Wakil Ketua DPR Fahri Hamzah.--Foto: Antara/Yudhi Mahatma
Wakil Ketua DPR Fahri Hamzah.--Foto: Antara/Yudhi Mahatma

Kasus Papa Minta Saham

Fahri Tuding Pemerintah Terlalu Campuri Urusan DPR

Damar Iradat • 16 Desember 2015 12:00
medcom.id, Jakarta: Wakil Ketua DPR RI Fahri Hamzah menilai pemerintah atau lembaga eksekutif terlalu mencampuri kasus pelanggaran etik Ketua DPR Setya Novanto.

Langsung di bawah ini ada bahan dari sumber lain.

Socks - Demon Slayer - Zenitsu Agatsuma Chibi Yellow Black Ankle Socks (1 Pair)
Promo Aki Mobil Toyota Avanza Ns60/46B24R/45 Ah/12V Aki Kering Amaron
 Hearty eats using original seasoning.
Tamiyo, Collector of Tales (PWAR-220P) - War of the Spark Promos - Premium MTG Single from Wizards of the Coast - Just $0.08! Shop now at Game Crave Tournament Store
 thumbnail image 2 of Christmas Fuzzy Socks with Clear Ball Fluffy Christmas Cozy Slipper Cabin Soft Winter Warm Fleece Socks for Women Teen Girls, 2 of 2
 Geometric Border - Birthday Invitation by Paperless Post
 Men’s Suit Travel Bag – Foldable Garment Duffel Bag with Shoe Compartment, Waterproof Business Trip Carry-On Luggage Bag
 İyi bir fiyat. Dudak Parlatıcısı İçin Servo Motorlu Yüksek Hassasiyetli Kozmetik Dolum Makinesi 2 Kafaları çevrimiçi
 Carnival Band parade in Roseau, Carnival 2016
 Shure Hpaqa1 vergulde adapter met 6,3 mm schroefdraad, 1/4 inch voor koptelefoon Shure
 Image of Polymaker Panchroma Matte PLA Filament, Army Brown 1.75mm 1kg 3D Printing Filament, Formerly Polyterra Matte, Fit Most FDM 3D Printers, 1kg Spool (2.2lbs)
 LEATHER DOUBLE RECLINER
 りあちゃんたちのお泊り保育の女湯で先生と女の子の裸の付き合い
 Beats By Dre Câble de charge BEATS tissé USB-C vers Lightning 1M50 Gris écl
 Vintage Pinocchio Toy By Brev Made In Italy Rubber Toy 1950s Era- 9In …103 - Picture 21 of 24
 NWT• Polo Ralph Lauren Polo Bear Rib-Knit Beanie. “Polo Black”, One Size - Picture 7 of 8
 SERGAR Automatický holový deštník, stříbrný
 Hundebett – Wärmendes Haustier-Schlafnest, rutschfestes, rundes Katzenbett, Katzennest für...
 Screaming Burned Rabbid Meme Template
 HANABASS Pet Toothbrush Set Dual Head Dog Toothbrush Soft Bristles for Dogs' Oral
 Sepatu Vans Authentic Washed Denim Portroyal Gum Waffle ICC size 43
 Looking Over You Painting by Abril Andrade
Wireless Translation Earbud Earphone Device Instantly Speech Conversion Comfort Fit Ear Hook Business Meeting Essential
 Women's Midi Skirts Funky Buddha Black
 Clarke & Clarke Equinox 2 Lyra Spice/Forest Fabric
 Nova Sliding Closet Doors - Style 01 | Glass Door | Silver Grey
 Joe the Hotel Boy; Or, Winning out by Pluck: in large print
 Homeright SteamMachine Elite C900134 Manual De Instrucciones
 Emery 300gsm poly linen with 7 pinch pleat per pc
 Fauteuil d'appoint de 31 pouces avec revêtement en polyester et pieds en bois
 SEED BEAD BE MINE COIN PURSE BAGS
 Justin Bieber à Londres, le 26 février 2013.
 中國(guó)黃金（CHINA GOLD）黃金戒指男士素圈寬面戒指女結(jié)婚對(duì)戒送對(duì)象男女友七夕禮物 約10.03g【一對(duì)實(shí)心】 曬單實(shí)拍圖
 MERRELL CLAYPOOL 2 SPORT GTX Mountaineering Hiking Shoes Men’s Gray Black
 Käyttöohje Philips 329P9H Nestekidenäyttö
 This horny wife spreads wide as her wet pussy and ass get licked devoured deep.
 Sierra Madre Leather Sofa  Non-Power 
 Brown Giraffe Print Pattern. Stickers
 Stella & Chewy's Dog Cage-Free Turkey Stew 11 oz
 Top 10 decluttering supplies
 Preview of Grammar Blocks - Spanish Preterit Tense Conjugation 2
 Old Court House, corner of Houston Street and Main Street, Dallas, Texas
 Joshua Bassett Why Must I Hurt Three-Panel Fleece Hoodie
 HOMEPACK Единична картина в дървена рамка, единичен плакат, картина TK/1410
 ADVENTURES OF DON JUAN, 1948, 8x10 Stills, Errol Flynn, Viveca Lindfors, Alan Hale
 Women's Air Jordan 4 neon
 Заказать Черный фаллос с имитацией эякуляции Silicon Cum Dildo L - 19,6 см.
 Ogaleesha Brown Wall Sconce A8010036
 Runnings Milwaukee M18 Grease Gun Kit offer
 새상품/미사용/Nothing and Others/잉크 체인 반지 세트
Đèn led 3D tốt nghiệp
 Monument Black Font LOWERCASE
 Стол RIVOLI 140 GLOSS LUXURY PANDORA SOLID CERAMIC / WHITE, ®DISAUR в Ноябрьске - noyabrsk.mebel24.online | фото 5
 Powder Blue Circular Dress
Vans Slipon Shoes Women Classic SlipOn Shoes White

Novanto diduga melakukan pelanggaran etik karena mencatut beberama nama pejabat negara, termasuk Presiden Joko Widodo dan Wapres Jusuf Kalla.
 
Lembaga eksekutif atau pemerintah diminta tidak mengintervensi jalannya proses sidang di Mahkamah Kehormatan Dewan (MKD). Fahri menuding pemerintah menggiring opini publik terkait kasus Novanto.
 
"Jangan membuat pernyataan ke publik yang menekan, yang meminta, dan sebagainya," kata Fahri di Kompleks Parlemen, Senayan, Jakarta Pusat, Rabu (16/12/2015).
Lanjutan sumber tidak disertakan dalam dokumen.